Task objective -> Extract the line that contains "red Camiseta Mujer Tecnic Rox" and every line after it through the end of the records below, exactly as written, leaving out any pictures.
*** Data excerpts ***
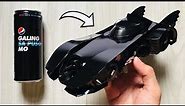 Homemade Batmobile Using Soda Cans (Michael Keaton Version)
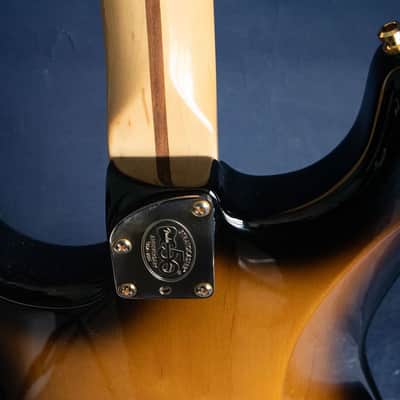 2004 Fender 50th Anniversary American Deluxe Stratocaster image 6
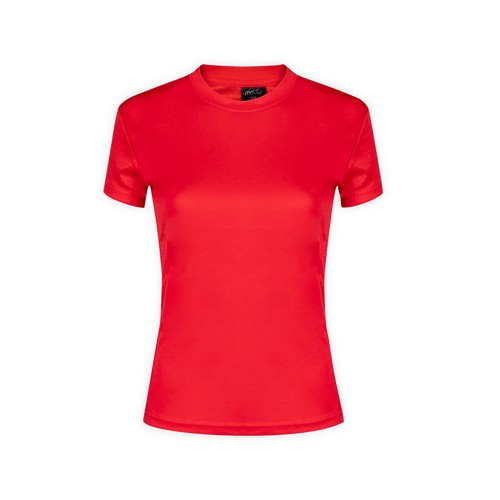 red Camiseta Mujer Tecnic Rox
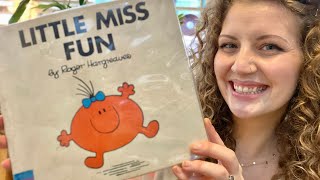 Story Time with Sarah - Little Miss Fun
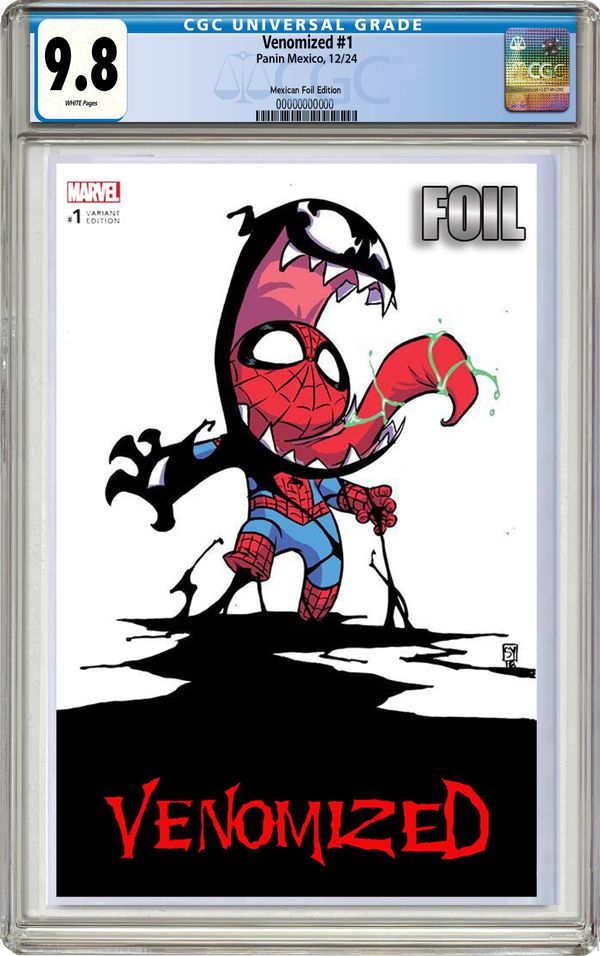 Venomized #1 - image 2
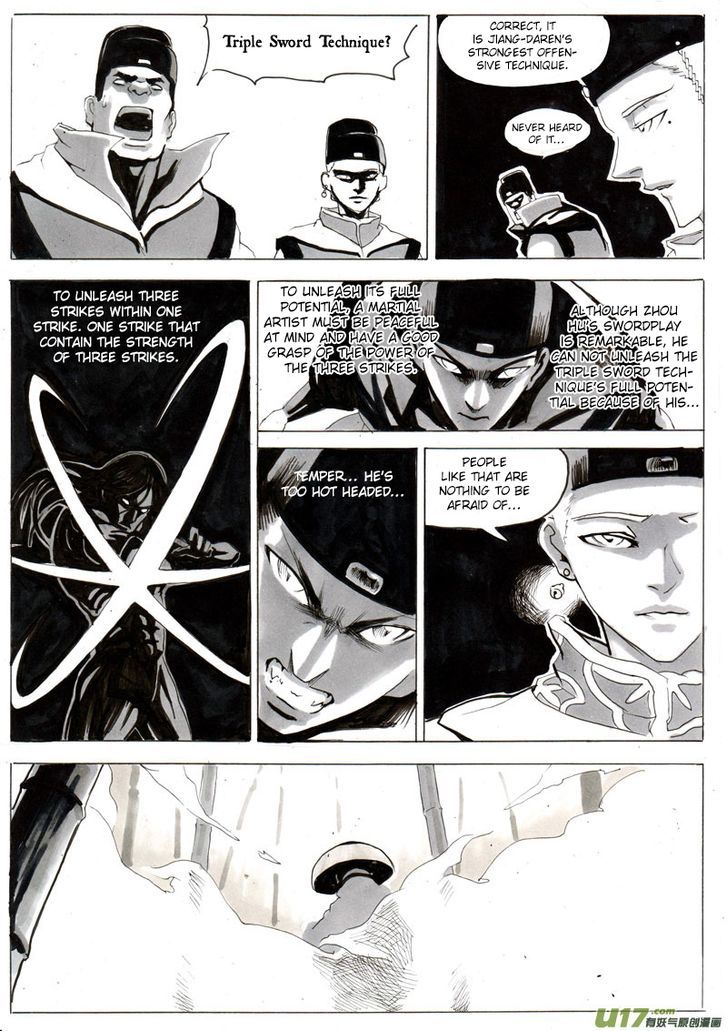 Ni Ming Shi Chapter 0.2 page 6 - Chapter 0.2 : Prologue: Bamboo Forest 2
*** End of Data excerpts ***
Expected output ->
 red Camiseta Mujer Tecnic Rox
 Story Time with Sarah - Little Miss Fun
 Venomized #1 - image 2
 Ni Ming Shi Chapter 0.2 page 6 - Chapter 0.2 : Prologue: Bamboo Forest 2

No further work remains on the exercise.